Machine Learning with R
Machine learning is the present and the future! From Netflix’s recommendation engine to Google’s self-driving car, it’s all machine learning. This blog on Machine Learning with R helps you understand the core concepts of machine learning followed by different machine learning algorithms and implementing those machine learning algorithms with R.
This blog on “Machine Learning with R” comprises of these sections:
- Understanding Machine Learning
- Types of Machine Learning Algorithms
- Implementing Machine Learning Algorithms with R
Machine Learning with R | Edureka
Understanding Machine Learning
How do you know all of those are fish?
As a kid, you might have come across a picture of a fish and you would have been told by your kindergarten teachers or parents that this is a fish and it has some specific features associated with it like it has fins, gills, a pair of eyes, a tail and so on. Now, whenever your brain comes across an image with those set of features, it automatically registers it as a fish because your brain has learned that it is a fish. You can even check out the details of successful Spark developer with the Pyspark certification course.
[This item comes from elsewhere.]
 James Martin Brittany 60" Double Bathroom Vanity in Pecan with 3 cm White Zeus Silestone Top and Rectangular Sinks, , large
That’s how our brain functions but what about a machine? If the same image is fed to a machine, how will the machine identify it to be a fish?
This is where Machine Learning comes in. We’ll keep on feeding images of a fish to a computer with the tag “fish” until the machine learns all the features associated with a fish.
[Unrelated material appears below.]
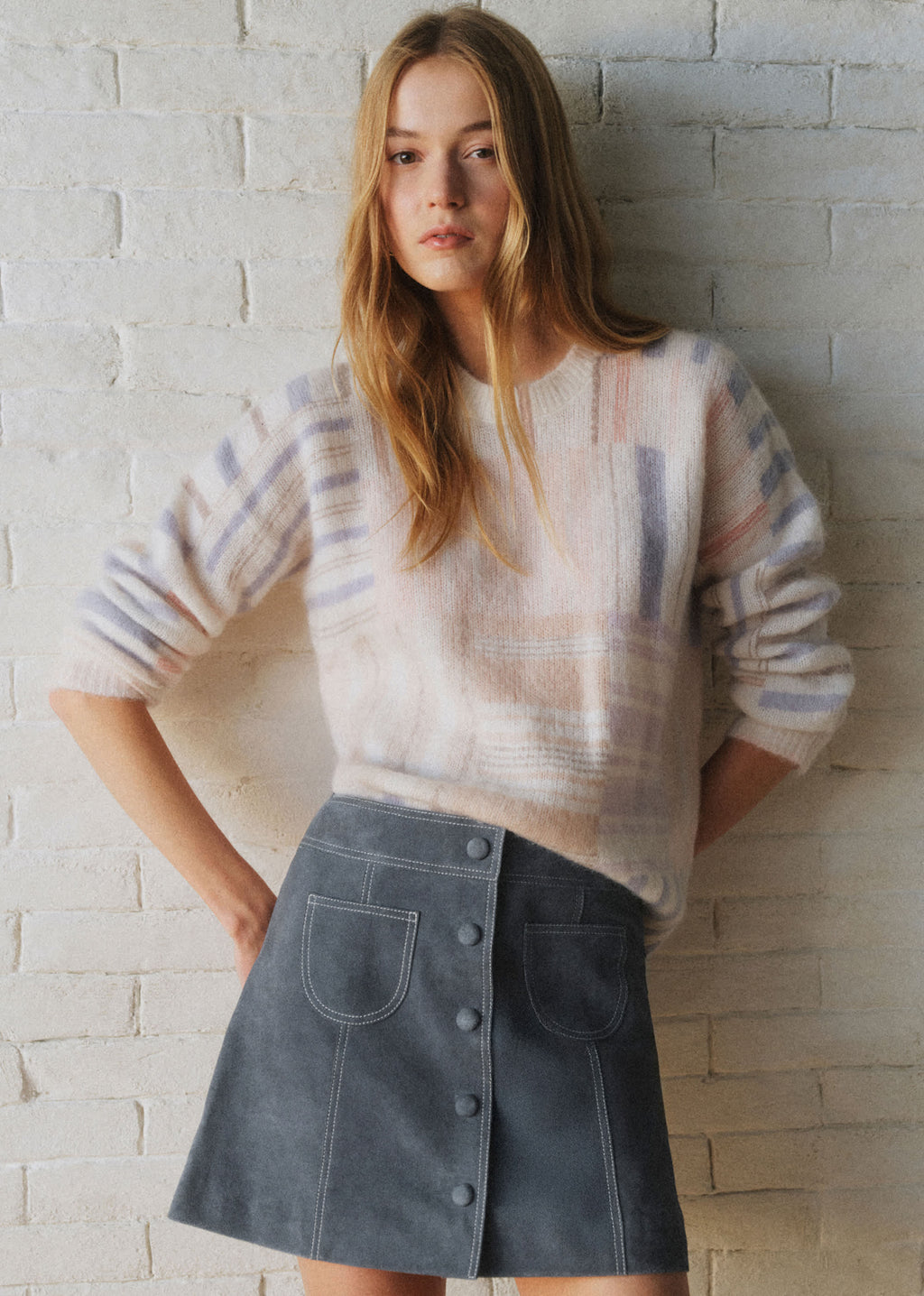Pull Line - Sézane X Sea NY - Imprimé Nude Patchwork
Once the machine learns all the features associated with a fish, we will feed it new data to determine how much has it learned.
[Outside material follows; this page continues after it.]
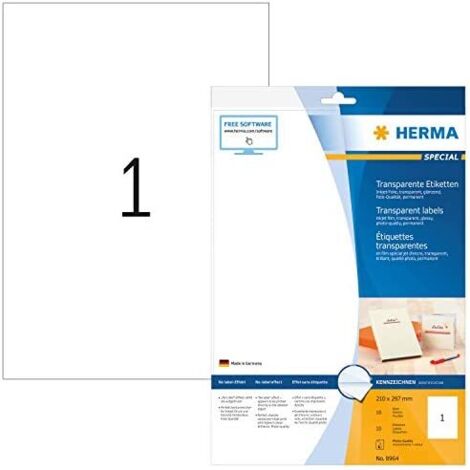 Herma 8964 Etiquette plastique 210 x 297 mm film transparent 10 pc(s) fixation permanente imprimante à jet d'encre (1/5)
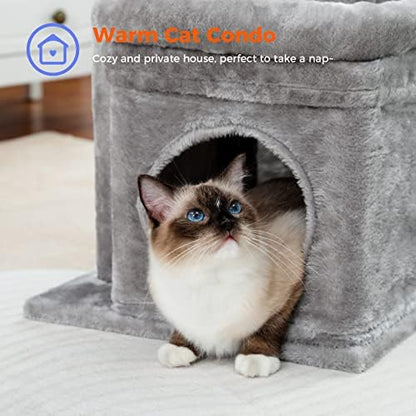 PEQULTI Small Cat Tree Tower for Indoor Cats, Sisal Post & Cozy Condo, Grey - Image 3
In other words, Raw Data/Training Data is given to the machine, so that it learns all the features associated with the Training Data. Once, the learning is done, it is given New Data/Test Data to determine how well the machine has learned.
Let us move ahead in this Machine Learning with R blog and understand about types of Machine Learning.
Types of Machine Learning
Supervised Learning:
Supervised Learning algorithm learns from a known data-set(Training Data) which has labels to make predictions.
Regression and Classification are some examples of Supervised Learning.
#Classification:
Classification determines to which set of categories does a new observation belongs i.e. a classification algorithm learns all the features and labels of the training data and when new data is given to it, it has to assign labels to the new observations depending on what it has learned from the training data.
For this example, if the first observation is given the label “Man” then it is rightly classified but if it is given the label “Woman”, the classification is wrong. Similarly for the second observation, if the label given is “Woman”, it is rightly classified, else the classification is wrong.
#Regression:
Regression is a supervised learning algorithm which helps in determining how does one variable influence another variable.
Over here, “living_area” is the independent variable and “price” is the dependent variable i.e. we are determining how does “price” vary with respect to “living_area”.
Unsupervised Learning:
Unsupervised learning algorithm draws inferences from data which does not have labels.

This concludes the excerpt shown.